Zac Brown Band, “Sweet Annie” (Brown, Durrette, Sonia Leigh, John Pierce)
“There was a girl named Annie, and I hung out with her for a while. I was kind of road weary and just needed some comfort, needed the world to slow down a little bit and I needed to slow down myself. It’s really about being on the road and being beat up and, at the same time, living your dreams [while] knowing you need to slow your roll a little bit. I wanted that old-school vibe to it. Probably sonically, it’s my favorite song they’ve ever done. Annie and I hung out for a while, but it was an introspective song more than anything else.”
Zac Brown Band, “Quiet Your Mind” (Durrette, Brown)

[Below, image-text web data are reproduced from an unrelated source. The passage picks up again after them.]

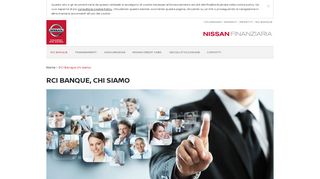 
                            4. RCI Banque chi siamo | NISSANFIN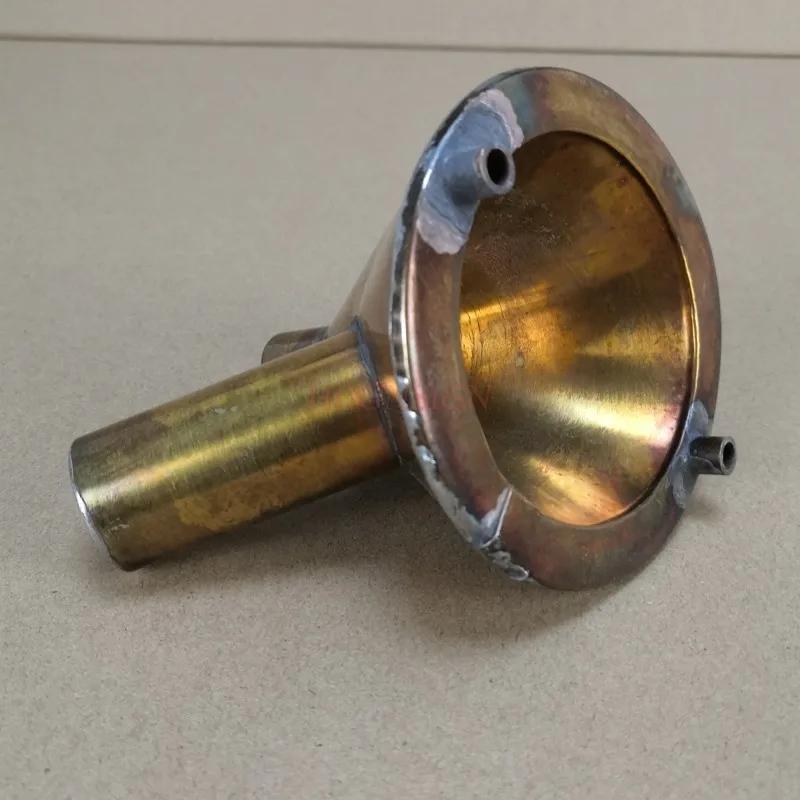 Copper insulation funnel 90mm diameter teaching instrument for physical chemistry laboratory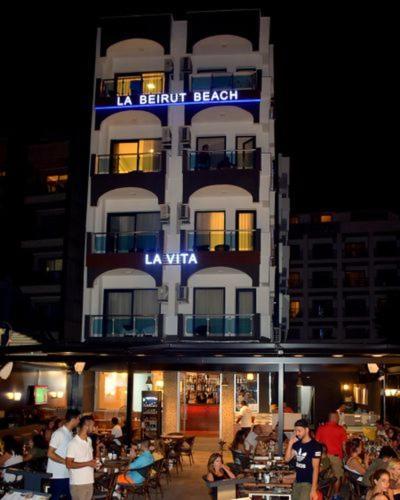 La Beirut Beach Hotel Мармарис Екстер'єр фото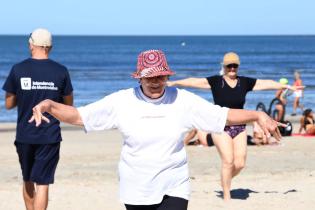 Actividades deportivas en playas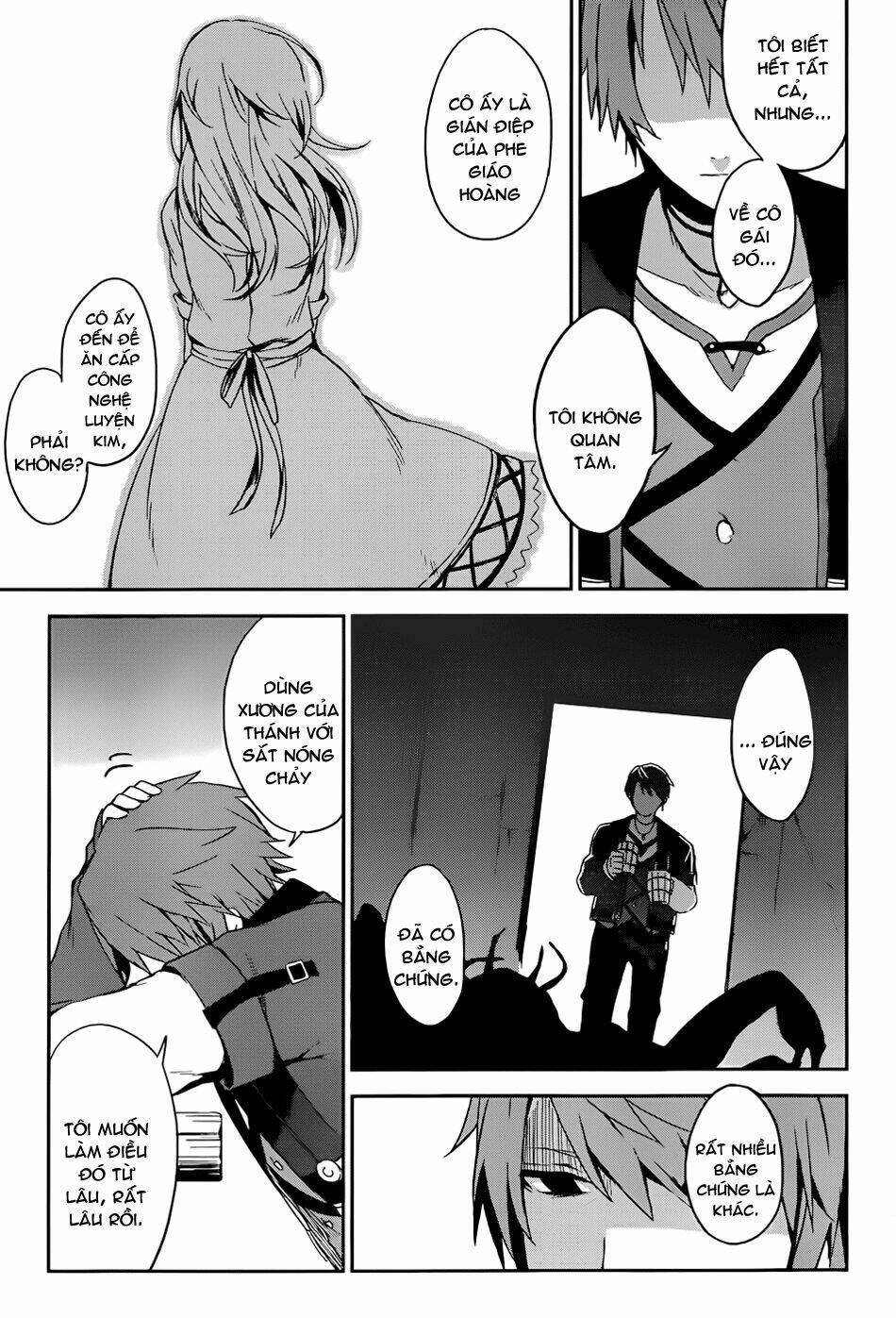 Magudala De Nemure: Chapter 1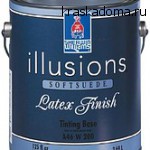 ILLUSIONS SOFTSUEDE LATEX FINISH (SHERWIN-WILLIAMS) - декоративное покрытие с эффектом ¨замша¨ ILLUSIONS SOFTSUEDE LATEX FINISH (SHERWIN-WILLIAMS) - декоративное покрытие с эффектом ¨замша¨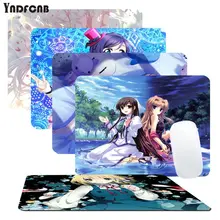 YNDFCNB Simple Design Midori No Umi Beautiful Anime Mouse Mat for Overwatchs Smooth Writing Pad Desktops Mate gaming mouse pad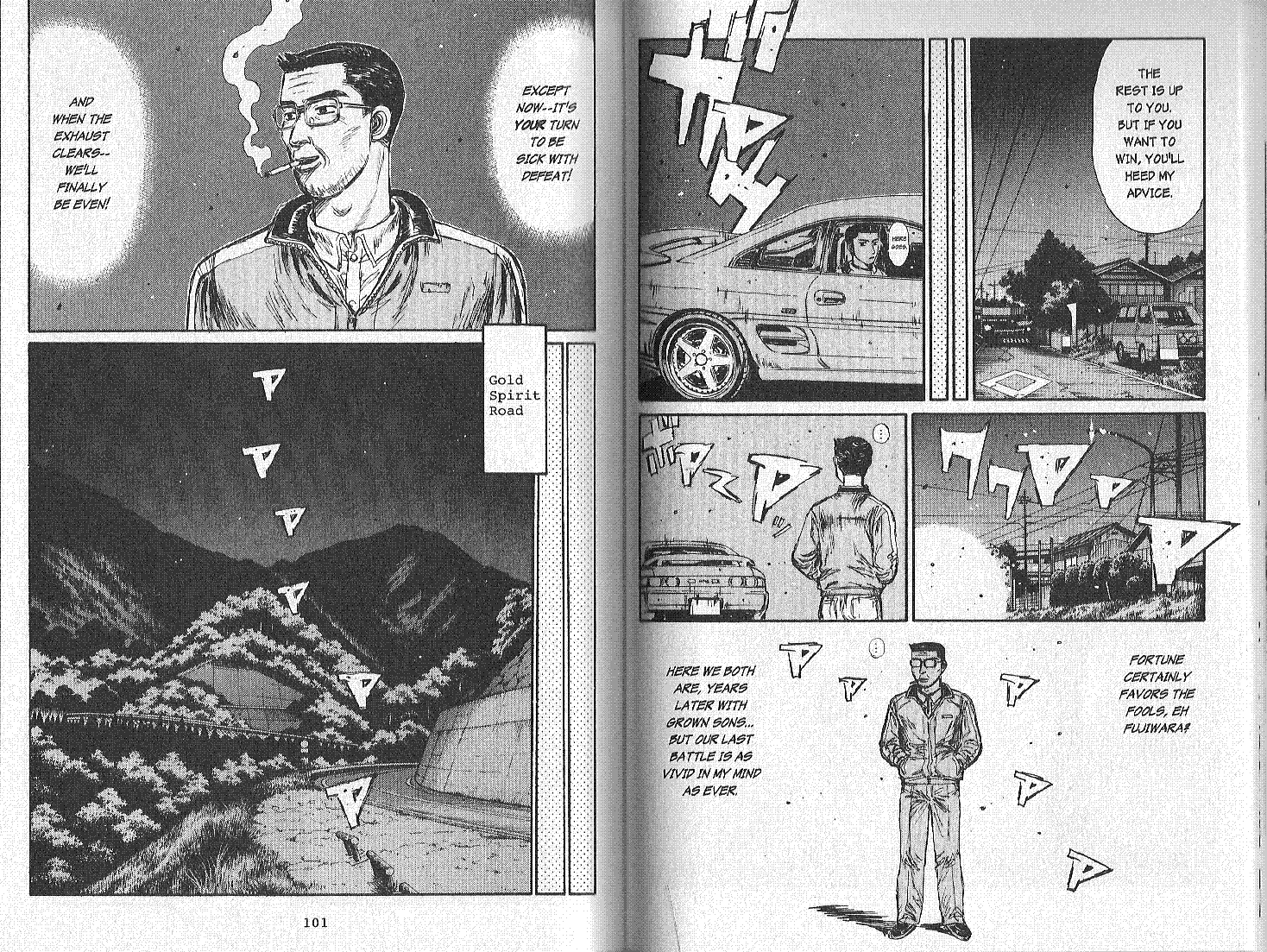 Initial D Chapter 164 page 4 - Chapter 164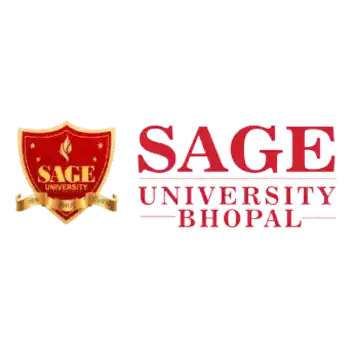 SAGE University Bhopal Logo - A leader in academic excellence and innovation, featured on Cnear.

“That first verse, I was out in the ocean with my whole family. I was holding my son and I just started humming the song. It was one of those days that you didn’t want to end. I remember the sound of the waves, and I’ll never forget my son was like, ‘Are you writing a song right now, daddy?’ He was just old enough at that point to figure out what I was doing. That song is about taking that moment and enjoying everything, whether it’s enjoying the band or your family or holding your child, because you never know when it’s all going to end in any facet of your life. It’s about soaking it all in and appreciating it and not taking any of it for granted.”
Zac Brown Band, “Toes” (Brown, Durrette, John Driskell Hopkins, Shawn Mullins)

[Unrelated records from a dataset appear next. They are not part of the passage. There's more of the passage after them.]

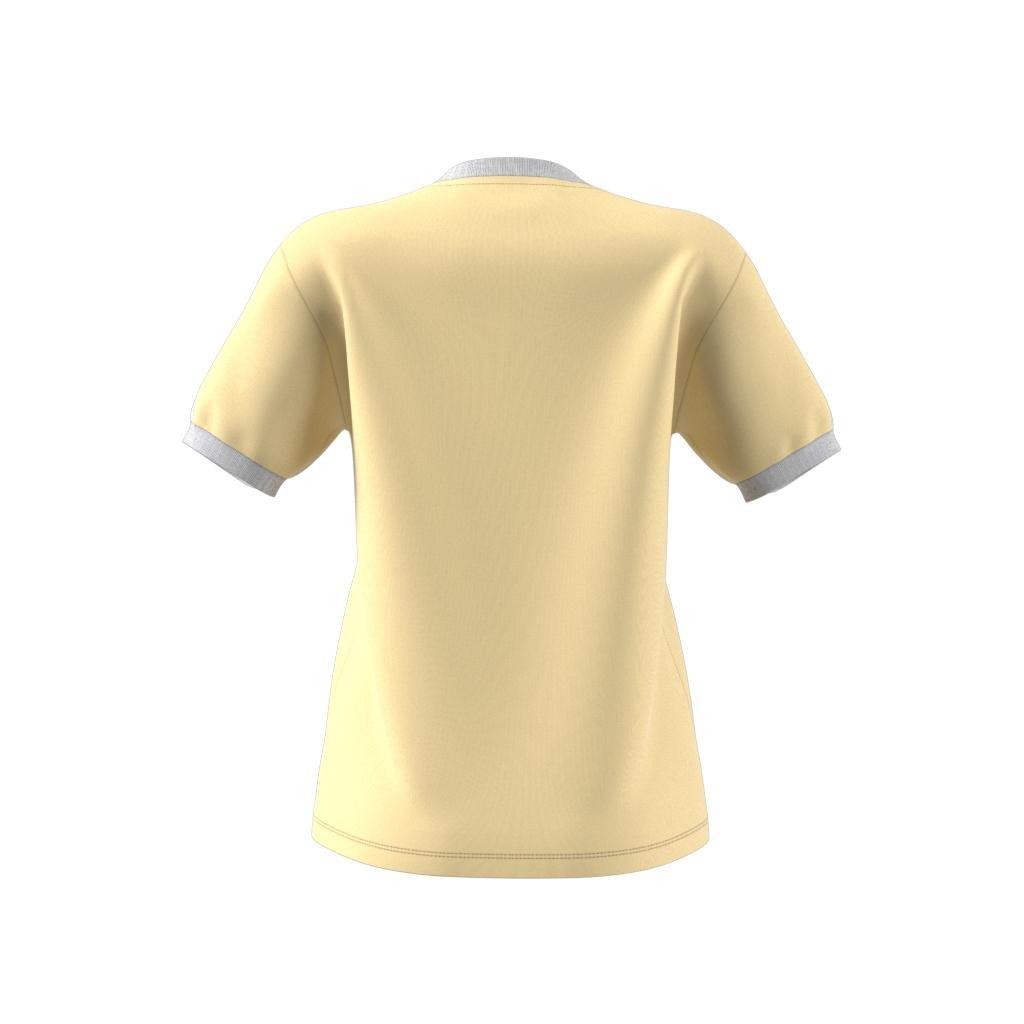 Adicolor Classics 3-Stripes T-Shirt, Yellow, A901_ONE, large image number 13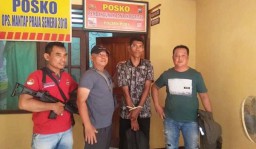 Diberi Tumpangan Tidur, Pria ini Malah Curi Motor Penolongnya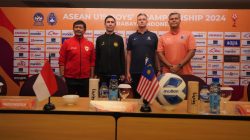 Semifinal ASEAN U-19 Boys Championship 2024, Indonesia VS Malaysia Akan Jadi Tontonan Menarik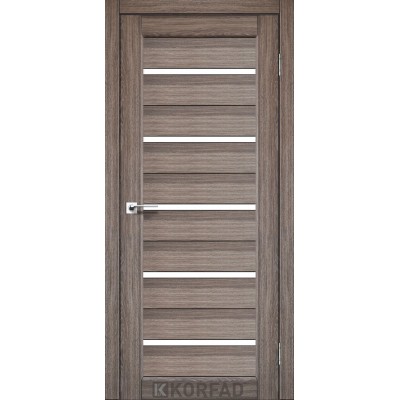 Міжкімнатні двері KORFAD (Корфад) Porto PR-02 Дуб сірий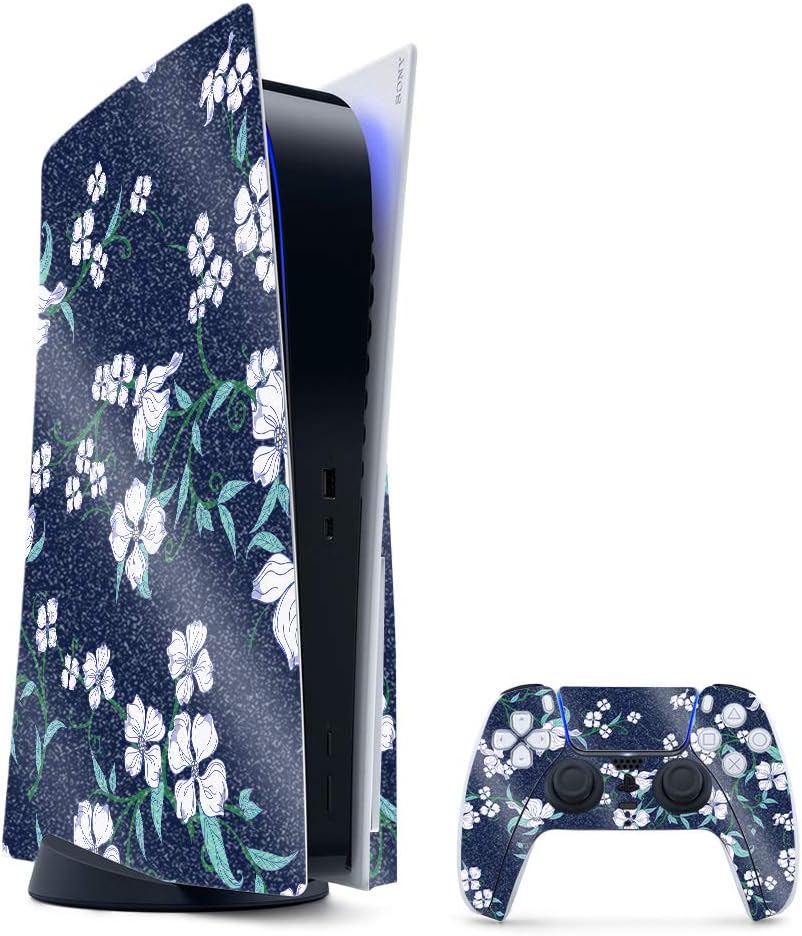 MightySkins Glossy Glitter Gaming Skin for PS5 - Unique Style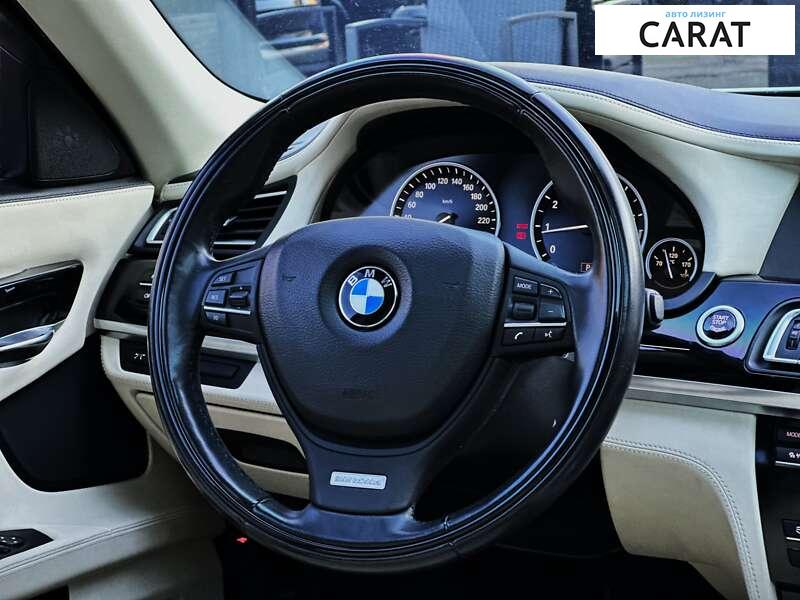 BMW 7 Series 2010 BMW 7 Series 2010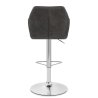 Wildlederimitat Barhocker - Harvard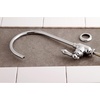 image:imageKingston Brass KS5193BAL Heirloom SingleHandle Water Filtration Faucet Antique BrassPolished Chrome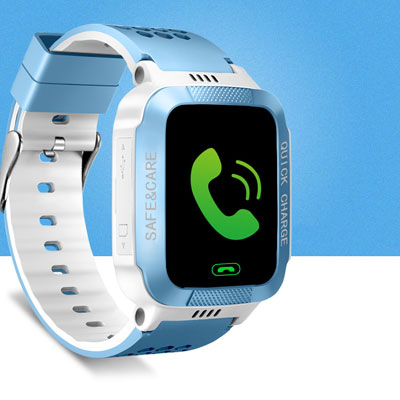 Smart Watch for Barn med SOS funksjon og kamera SIM Call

“It was my 30th birthday in Key West, and we’d been partying way too hard and having way too much fun. About six in the morning, we were sitting on the beach and we were doing exactly as the song said — I had my toes in the water and my ass in the sand. The words just kind of came out and I started humming them, and my buddies looked at me and said, ‘That’s good, you better write that down.’ I called Zac at six in the morning and woke him up because I knew I wouldn’t remember. I sang it to him real fast. That’s very Buffet-esque. [Jimmy] Buffett is one of my biggest influences as a writer. His brand of escapism I really love, and I was kind of totally coming from his world, for sure.”
Zac Brown Band, “Goodbye In Her Eyes” (Brown, Durrette, Leigh)

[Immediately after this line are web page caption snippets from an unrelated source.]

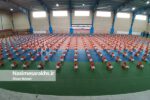 توزیع ۲۴۰۰ بسته معیشتی به نیابت از شهید سلیمانی در سرخس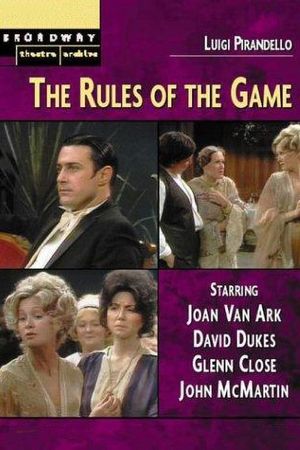 The Rules of the Game's poster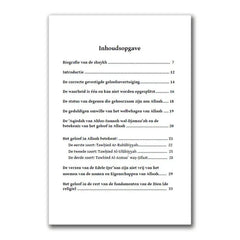 Samenvatting van de geloofsbelijdenis van de vrome voorgangers - Islamboekhandel.nl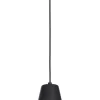 Lampa Wisząca CLASS Czarny Złoty Metalowy Klosz 1xE27 36cm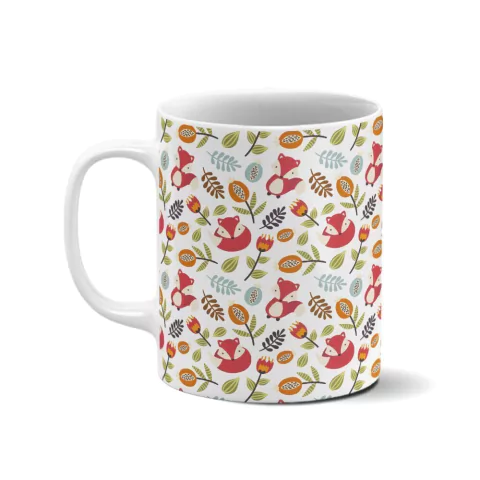 Caneca personalizada - Raposa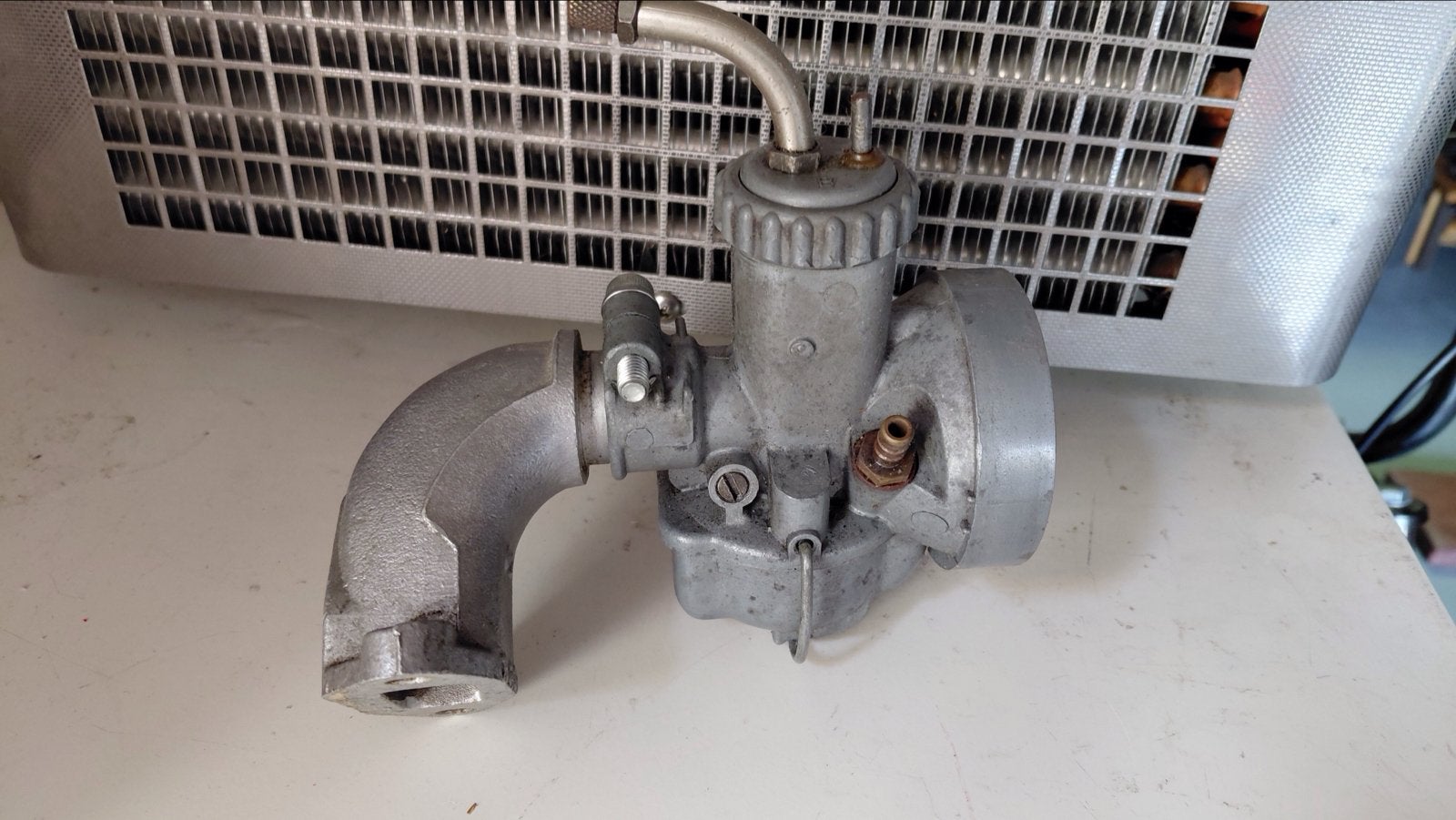 18mm Bing kroondop Carburateur Kreidler RS, Ophalen of Verzenden, Gebruikt, Carburateur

“I was seeing a girl at the time and it was nearing the end of the relationship…. We had a talk and you could tell it was ending. And I literally could see it in her eyes that it was over, and she didn’t really care anymore. Almost immediately, I sat down and wrote down those words: ‘Goodbye in her eyes, goodbye in her eyes.’ A lot of times, the things that hit you the hardest end up being the best songs because it just digs deep.”